To certify a class, the parties must show that, in addition to the requirements of Rule 23(a), one of the provisions of Rule 23(b) have been met. The Court finds that certification is appropriate under Rule 23(b)(3) because questions of law or fact common to class members predominate over any questions affecting only individual members, and that a class action is superior to other available methods for fairly and efficiently adjudicating the controversy. As explained above, this case involves current and former delivery drivers who were subjected to payment practices that allegedly excluded certain incurred expenses and failed to ensure meal and rest breaks as required by federal and state law. Because the Settlement Class—estimated to include over five hundred members—are arguably entitled to the same legal remedies, class certification is judicially economical. Califano v. Yamasaki, 442 U.S. 682, 701 (1979) ("[T]he class-action device saves the resources of both the courts and the parties by permitting an issue potentially affecting every [class member] to be litigated in an economical fashion under Rule 23."). Moreover, because the recovery for any individual Settlement Class member might be relatively small, a class action is a superior method to fairly and efficiently adjudicate the Settlement Class's claims.
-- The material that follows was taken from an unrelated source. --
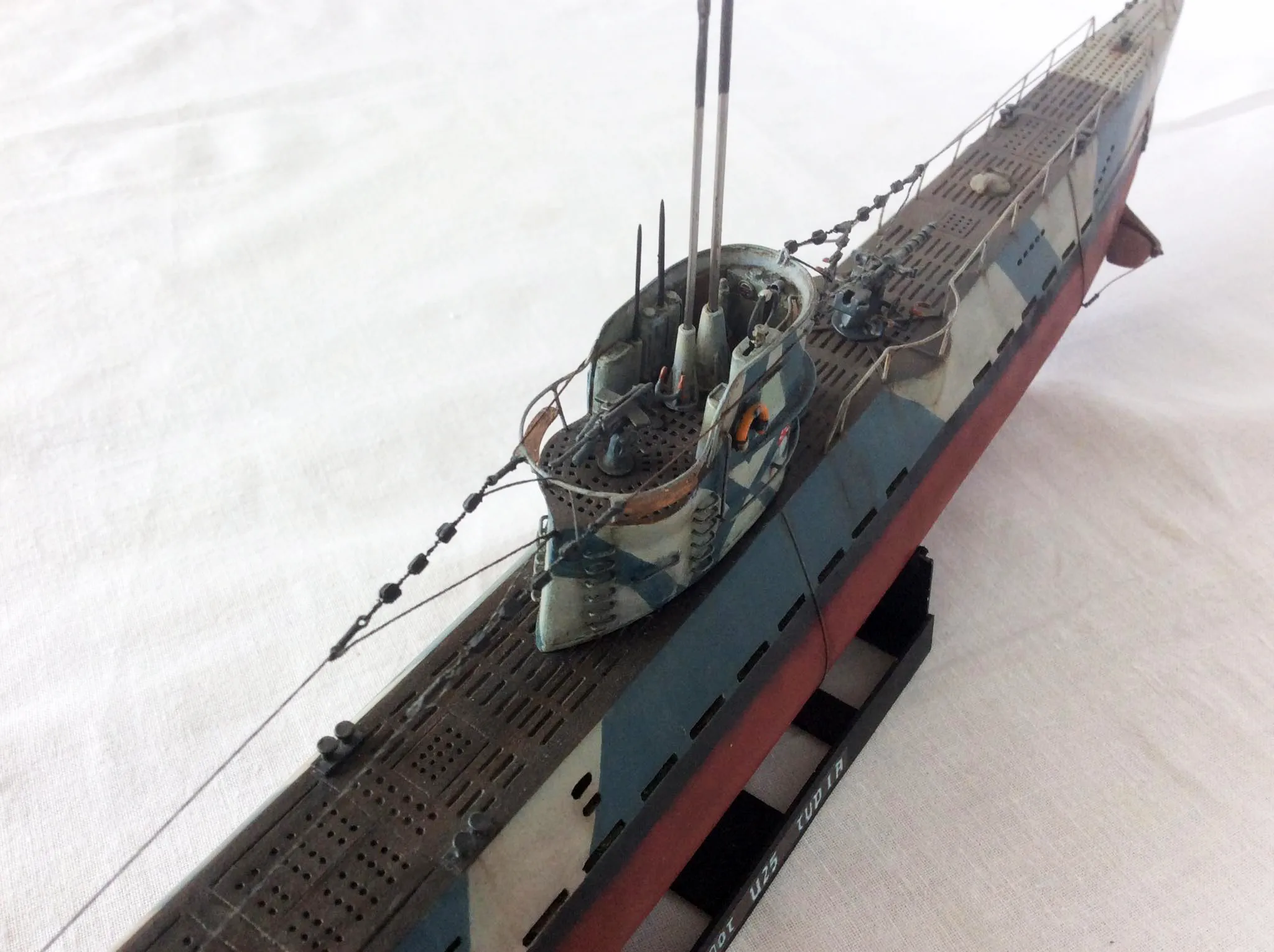 Модель корабля Океанская подводная лодка типа I U-25 - Верфь на Столе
As McKeon has satisfied all of the requirements of Rule 23, the Court hereby certifies the Settlement Class for settlement purposes.
II. SETTLEMENT AGREEMENT
"The purpose of the preliminary approval process is to determine whether there is any reason not to notify the class members of the proposed settlement and to proceed with a fairness hearing." Lucas v. Kmart Corp., 234 F.R.D. 688, 693 (D. Colo. 2006). "[T]he standard that governs the preliminary approval inquiry is less demanding than the standard that applies at the final approval stage." Rhodes v. Olson Assocs., P.C., 308 F.R.D. 664, 666 (D. Colo. 2015) (internal quotation marks omitted). A proposed settlement should be preliminarily approved if it "appears to be the product of serious, informed, non-collusive negotiations, has no obvious deficiencies, does not improperly grant preferential treatment to class representatives or segments of the class, and falls within the range of possible [judicial] approval." William B. Rubenstein, Newberg on Class Actions § 13:10 (5th ed., Nov. 2018 update) (internal quotation marks omitted).
The Settlement Agreement appears to be the product of serious negotiations, has no obvious deficiencies, does not grant improper preferential treatment to the class representatives, and generally falls within the range of possible judicial approval. See id.
The Settlement Agreement also contains a cy pres provision that would distribute unclaimed funds to a third party in should the Court grant final approval. (ECF No. 54-1 at 8.) Because cy pres awards are infrequently used in class actions in the District of Colorado, the Court addresses whether the cy pres award provision is "fair, reasonable, and adequate." Fed. R. Civ. P. 23(e)(2).
The Tenth Circuit has recognized that the cy pres doctrine in class action settlements "allows a court to distribute unclaimed or non-distributable portions of a class action settlement fund to the 'next best' class of beneficiaries," but has not otherwise expounded on the doctrine. Tennille v. W. Union Co., 809 F.3d 555, 560 n.2 (10th Cir. 2015) (quoting Nachshin v. AOL, LLC, 663 F.3d 1034, 1036 (9th Cir. 2011)).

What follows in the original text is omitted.